**Problem details**
Among the entries below, one stretch runs from the line that contains "Bartes - Ecco" through the line that contains "Used 2018 Volvo". Repeat that stretch exactly, ends included, and only that.

**Supplied records**

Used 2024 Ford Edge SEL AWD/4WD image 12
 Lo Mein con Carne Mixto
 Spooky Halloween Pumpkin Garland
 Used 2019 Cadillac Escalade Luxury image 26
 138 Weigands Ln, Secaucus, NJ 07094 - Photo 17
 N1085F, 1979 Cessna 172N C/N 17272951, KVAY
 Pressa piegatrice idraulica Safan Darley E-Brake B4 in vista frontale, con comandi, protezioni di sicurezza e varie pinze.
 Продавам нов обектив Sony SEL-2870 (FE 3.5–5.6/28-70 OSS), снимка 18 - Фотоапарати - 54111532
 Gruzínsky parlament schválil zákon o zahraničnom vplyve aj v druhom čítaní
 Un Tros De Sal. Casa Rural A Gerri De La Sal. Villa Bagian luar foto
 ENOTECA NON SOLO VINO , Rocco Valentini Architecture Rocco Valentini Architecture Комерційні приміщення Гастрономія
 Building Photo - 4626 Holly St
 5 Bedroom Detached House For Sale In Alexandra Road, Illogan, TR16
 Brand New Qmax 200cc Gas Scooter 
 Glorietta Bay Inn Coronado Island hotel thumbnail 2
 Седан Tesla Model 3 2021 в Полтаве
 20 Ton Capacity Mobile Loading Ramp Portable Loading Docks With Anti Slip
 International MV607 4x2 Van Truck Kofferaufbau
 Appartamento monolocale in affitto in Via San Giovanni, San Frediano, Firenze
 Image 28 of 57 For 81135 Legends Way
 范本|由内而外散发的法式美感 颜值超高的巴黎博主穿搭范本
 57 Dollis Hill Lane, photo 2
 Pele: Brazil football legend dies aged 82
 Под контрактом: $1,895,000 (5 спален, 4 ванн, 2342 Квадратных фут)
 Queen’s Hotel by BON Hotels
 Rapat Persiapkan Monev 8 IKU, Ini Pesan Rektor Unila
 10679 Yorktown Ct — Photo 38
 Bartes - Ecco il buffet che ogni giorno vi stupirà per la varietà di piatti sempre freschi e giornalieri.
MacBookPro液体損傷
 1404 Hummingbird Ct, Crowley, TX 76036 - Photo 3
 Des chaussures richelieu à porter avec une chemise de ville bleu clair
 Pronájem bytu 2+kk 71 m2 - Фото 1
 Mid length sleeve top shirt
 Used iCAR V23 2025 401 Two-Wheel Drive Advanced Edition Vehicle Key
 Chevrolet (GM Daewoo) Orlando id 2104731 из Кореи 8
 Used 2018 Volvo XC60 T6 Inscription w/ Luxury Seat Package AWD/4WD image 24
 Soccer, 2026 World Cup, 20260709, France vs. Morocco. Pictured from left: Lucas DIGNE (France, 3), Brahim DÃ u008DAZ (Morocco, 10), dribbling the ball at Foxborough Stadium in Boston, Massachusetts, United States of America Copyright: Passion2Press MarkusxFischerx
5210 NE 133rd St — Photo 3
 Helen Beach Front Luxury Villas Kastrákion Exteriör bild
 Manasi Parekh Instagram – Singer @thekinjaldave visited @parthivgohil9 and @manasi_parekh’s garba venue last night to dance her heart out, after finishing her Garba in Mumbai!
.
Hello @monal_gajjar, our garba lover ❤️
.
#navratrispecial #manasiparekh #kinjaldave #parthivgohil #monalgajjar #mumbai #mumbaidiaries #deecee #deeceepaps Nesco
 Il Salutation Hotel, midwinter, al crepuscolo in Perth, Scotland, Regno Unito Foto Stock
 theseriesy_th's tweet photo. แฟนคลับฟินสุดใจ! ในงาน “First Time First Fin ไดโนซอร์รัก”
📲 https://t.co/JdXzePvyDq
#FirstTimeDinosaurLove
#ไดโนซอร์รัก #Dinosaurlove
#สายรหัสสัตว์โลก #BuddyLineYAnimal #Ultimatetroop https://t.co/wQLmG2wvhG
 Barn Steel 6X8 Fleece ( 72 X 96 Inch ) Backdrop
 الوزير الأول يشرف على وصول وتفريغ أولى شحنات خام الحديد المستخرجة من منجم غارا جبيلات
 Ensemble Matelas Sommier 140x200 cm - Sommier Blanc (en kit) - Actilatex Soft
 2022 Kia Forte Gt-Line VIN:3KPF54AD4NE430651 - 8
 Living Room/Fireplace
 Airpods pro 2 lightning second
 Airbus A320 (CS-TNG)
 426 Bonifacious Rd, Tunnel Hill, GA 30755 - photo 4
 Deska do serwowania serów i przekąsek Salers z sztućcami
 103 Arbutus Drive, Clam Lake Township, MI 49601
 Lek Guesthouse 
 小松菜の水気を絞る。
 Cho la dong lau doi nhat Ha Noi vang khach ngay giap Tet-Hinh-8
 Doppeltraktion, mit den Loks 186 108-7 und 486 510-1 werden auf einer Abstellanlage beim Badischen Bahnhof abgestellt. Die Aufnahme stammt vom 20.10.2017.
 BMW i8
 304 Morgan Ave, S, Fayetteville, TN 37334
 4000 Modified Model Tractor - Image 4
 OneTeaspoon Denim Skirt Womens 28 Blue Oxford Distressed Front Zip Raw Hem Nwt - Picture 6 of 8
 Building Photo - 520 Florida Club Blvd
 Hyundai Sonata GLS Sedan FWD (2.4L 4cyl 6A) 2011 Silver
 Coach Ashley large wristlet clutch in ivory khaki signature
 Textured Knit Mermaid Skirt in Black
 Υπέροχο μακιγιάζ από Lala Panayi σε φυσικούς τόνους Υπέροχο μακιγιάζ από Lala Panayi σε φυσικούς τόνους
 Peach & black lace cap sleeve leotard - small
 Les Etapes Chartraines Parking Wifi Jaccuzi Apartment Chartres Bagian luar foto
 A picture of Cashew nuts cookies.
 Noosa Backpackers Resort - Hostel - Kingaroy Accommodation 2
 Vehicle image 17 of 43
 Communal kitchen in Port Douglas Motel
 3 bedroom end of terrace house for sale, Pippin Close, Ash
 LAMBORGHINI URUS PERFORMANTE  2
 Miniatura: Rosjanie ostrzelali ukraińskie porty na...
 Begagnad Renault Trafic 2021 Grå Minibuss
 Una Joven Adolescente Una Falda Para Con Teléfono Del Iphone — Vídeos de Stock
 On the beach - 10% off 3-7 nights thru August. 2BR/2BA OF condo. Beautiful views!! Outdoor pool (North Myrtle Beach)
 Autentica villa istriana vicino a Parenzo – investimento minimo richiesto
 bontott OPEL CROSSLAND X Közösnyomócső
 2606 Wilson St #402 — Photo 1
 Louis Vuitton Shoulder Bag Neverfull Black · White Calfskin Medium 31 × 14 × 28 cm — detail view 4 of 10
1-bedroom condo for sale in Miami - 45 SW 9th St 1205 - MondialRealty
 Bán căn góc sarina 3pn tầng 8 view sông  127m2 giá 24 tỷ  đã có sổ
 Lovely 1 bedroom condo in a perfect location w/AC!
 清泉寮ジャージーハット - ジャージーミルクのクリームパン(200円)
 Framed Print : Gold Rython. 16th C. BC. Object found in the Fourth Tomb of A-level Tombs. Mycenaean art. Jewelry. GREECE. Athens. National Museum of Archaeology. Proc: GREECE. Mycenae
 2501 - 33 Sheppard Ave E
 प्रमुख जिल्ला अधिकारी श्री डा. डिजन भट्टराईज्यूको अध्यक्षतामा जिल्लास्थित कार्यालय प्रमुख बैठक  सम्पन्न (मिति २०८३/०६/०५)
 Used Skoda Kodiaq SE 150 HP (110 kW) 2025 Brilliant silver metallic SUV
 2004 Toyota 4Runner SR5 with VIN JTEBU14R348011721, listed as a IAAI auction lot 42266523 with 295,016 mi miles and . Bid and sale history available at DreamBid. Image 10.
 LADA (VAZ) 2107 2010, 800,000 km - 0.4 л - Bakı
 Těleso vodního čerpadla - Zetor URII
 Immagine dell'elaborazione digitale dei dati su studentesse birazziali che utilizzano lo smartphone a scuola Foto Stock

**Output of the task**
 Bartes - Ecco il buffet che ogni giorno vi stupirà per la varietà di piatti sempre freschi e giornalieri.
MacBookPro液体損傷
 1404 Hummingbird Ct, Crowley, TX 76036 - Photo 3
 Des chaussures richelieu à porter avec une chemise de ville bleu clair
 Pronájem bytu 2+kk 71 m2 - Фото 1
 Mid length sleeve top shirt
 Used iCAR V23 2025 401 Two-Wheel Drive Advanced Edition Vehicle Key
 Chevrolet (GM Daewoo) Orlando id 2104731 из Кореи 8
 Used 2018 Volvo XC60 T6 Inscription w/ Luxury Seat Package AWD/4WD image 24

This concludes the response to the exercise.